● **Exercise prompt**
Below are lines of data; restate word for word those running from the line containing "Basic Bae Full" to the line containing "SLEEPYSHEEP POKEMON Sarung", inclusive, and no others.

*** Opening of Exercise material ***

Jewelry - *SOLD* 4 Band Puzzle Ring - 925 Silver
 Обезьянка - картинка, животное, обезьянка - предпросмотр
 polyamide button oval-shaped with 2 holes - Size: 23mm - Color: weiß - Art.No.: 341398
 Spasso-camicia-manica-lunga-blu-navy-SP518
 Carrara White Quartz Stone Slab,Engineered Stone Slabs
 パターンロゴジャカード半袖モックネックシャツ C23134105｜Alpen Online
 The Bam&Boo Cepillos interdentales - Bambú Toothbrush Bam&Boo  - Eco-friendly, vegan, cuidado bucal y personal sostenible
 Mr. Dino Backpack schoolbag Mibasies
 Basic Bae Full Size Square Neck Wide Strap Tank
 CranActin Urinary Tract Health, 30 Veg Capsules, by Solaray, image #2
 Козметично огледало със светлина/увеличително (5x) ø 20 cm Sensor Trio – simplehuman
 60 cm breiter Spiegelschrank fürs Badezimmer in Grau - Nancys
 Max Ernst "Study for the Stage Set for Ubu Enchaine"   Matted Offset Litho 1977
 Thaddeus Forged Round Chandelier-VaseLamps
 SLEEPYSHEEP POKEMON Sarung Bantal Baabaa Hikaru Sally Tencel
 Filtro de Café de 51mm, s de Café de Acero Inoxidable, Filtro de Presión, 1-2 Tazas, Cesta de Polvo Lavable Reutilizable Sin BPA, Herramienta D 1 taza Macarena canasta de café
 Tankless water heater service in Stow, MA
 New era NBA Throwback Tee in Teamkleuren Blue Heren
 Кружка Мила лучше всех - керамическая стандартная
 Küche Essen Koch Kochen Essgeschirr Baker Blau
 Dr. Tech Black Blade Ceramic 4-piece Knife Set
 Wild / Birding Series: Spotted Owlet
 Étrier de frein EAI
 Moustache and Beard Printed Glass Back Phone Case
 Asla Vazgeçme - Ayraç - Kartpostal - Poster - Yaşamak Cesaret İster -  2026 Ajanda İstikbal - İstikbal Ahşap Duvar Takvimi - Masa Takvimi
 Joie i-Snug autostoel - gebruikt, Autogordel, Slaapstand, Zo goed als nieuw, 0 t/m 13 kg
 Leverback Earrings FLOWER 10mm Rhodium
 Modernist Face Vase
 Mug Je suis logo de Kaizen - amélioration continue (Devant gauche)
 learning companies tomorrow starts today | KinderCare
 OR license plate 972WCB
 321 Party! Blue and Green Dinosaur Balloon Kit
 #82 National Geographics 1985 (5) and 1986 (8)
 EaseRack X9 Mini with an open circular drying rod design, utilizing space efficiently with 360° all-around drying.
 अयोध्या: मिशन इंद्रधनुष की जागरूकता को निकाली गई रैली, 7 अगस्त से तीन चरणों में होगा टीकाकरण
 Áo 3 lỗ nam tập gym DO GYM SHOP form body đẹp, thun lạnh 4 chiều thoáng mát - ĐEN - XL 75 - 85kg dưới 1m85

*** Close of Exercise material ***

● **Solution for this task**
 Basic Bae Full Size Square Neck Wide Strap Tank
 CranActin Urinary Tract Health, 30 Veg Capsules, by Solaray, image #2
 Козметично огледало със светлина/увеличително (5x) ø 20 cm Sensor Trio – simplehuman
 60 cm breiter Spiegelschrank fürs Badezimmer in Grau - Nancys
 Max Ernst "Study for the Stage Set for Ubu Enchaine"   Matted Offset Litho 1977
 Thaddeus Forged Round Chandelier-VaseLamps
 SLEEPYSHEEP POKEMON Sarung Bantal Baabaa Hikaru Sally Tencel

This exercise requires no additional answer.